테일러-캘리브레이트: 하이브리드 선형 어텐션 증류를 위한 원칙적인 초기화

초록

하이브리드 선형 어텐션 모델은 긴 문맥 추론을 더 빠르게 수행할 수 있는 매력적인 경로를 제공한다. 전체 소프트맥스 어텐션의 이차 비용과 KV-캐시 부담을 줄이면서도 트랜스포머 모델의 품질을 상당 부분 유지하기 때문이다. 이러한 모델을 얻는 실용적인 방법은 새로운 아키텍처를 처음부터 사전 학습하는 대신 사전 학습된 트랜스포머를 변환하는 것이지만, 이러한 변환은 여전히 깨지기 쉽다. 단순히 교사 어텐션 투영을 게이티드 델타넷(GDN) 학생 모델에 복사하는 것만으로는 새로운 순환 감쇠, 쓰기 및 출력 게이팅 동역학이 명시되지 않는다. 결과적으로 변환된 모델은 종종 좋지 않은 동역학 영역에서 시작하여, 교사의 나머지 행동을 학습하기보다는 초기화를 복구하는 데 많은 증류 토큰을 소비해야 한다. 본 논문에서는 하이브리드 GDN 학생을 위한 경량 초기화 방법인 테일러-캘리브레이트를 제안한다. 이 방법은 테일러 유도 교사 어텐션 통계를 사용하여 값 투영, 메모리 시간 척도, 쓰기 게이트 및 출력 게이트를 설정한 후, 짧은 레이어별 정렬 단계를 적용하여 변환된 각 레이어를 교사 출력에 맞춘다. 네 가지 교사 설정과 세 가지 유지 레이어 정책에서 테일러-캘리브레이트는 대표적인 절제 실험에서 최대 88배 개선된 훨씬 강력한 제로샷 학생 모델을 제공하며, 단순 변환보다 4.9배에서 9.2배 적은 학습 토큰으로 일치된 복구 목표에 도달한다.

English

Hybrid linear attention models offer an appealing path to faster long-context inference: they reduce the quadratic cost and KV-cache burden of full softmax attention while retaining much of the quality of Transformer models.
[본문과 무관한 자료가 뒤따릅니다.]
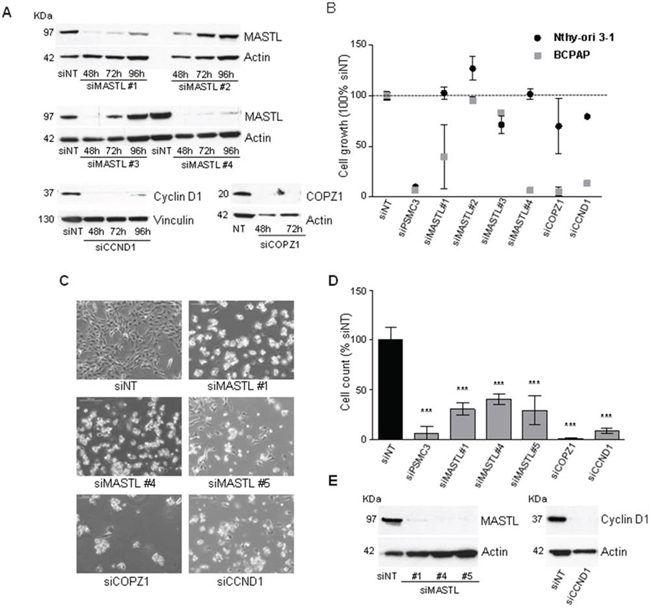 Effect of MASTL, CCND1 and COPZ1 silencing on BCPAP cells.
A practical way to obtain such models is to convert a pretrained Transformer instead of pretraining a new architecture from scratch, but this conversion is still brittle. Simply copying the teacher attention projections into a Gated DeltaNet (GDN) student does not specify the new recurrent decay, write, and output-gating dynamics. As a result, the converted model often starts in a poor dynamical regime and must spend many distillation tokens repairing initialization rather than learning the remaining teacher behavior. We propose Taylor-Calibrate, a lightweight initialization method for hybrid GDN students. The method uses Taylor-guided teacher attention statistics to set the value projection, memory timescale, write gates, and output gate, then applies a short per-layer alignment step to match each converted layer to the teacher output. Across four teacher settings and three retained-layer policies, Taylor-Calibrate gives substantially stronger zero-shot students, with up to an 88x improvement in a representative ablation, and reaches matched recovery targets with 4.9x--9.2x fewer training tokens than naive conversion.